DAN Analysis 9 min read April 29, 2026

Notion, Perplexity, and Glean: How Hybrid Search Powers Production RAG at Scale

Three branching retrieval pipelines converging into a unified ranking gate against a dark gradient background

Table of Contents

TL;DR

The shift: Production-scale RAG has standardized on hybrid retrieval — vector-only systems are now treated as a starting point, not a finish line.
Why it matters: Three independent leaders, in three different domains, converged on multi-signal architectures that combine lexical and semantic retrieval with multi-stage ranking.
What’s next: The retrieval layer is becoming infrastructure. Teams still running pure-vector setups will pay for it in answer quality, latency, or both.

For two years, the RAG playbook had a single default: embed everything, query a vector database, return the top-k. Cheap to build. Easy to demo. Brutal in production. Now the largest deployments in the field have moved on — and the pattern they all converged on is the same.

The Vector-Only Era Is Already Behind Us

Thesis: Hybrid Search has become the production default for Retrieval Augmented Generation at scale, and the leaders in three different domains — web search, enterprise search, and workspace AI — have all moved past pure-vector retrieval.

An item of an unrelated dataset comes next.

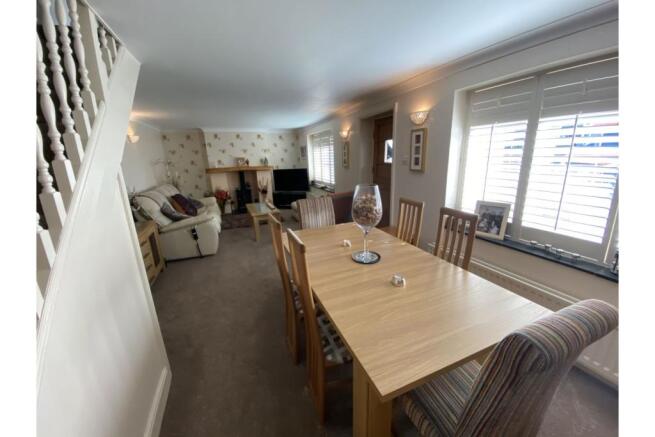 Lounge/Dining Room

This isn’t an opinion. It’s a convergence.

Perplexity runs hybrid retrieval on its own Vespa.ai-based index, fusing lexical and embedding-based scorers with multi-stage ranking that ends in cross-encoder rerankers (Perplexity Research). Glean ships enterprise search built on lexical retrieval plus vector embeddings, layered over a proprietary knowledge graph (Glean Blog). Notion runs vector search at production scale on Turbopuffer while feeding a parallel keyword index from inside the same data lake (Notion Blog).

Three companies. Three domains. The same direction.

That’s not a coincidence. That’s a market signal.

Three Architectures, One Pattern

The evidence doesn’t organize by who shipped first. It organizes by what each system proves.

Signal 1 — Perplexity at web scale. The retrieval engine handles 200 million queries per day across an index of over 200 billion unique URLs (Perplexity Research). The architecture queries the search index via both modalities and merges results into a hybrid candidate set, then runs multi-stage ranking ending in cross-encoder rerankers. Median ranking latency lands at 358ms; p95 at 763ms. At that volume, a vector-only setup is not viable. The lexical signal isn’t an addition — it’s load-bearing.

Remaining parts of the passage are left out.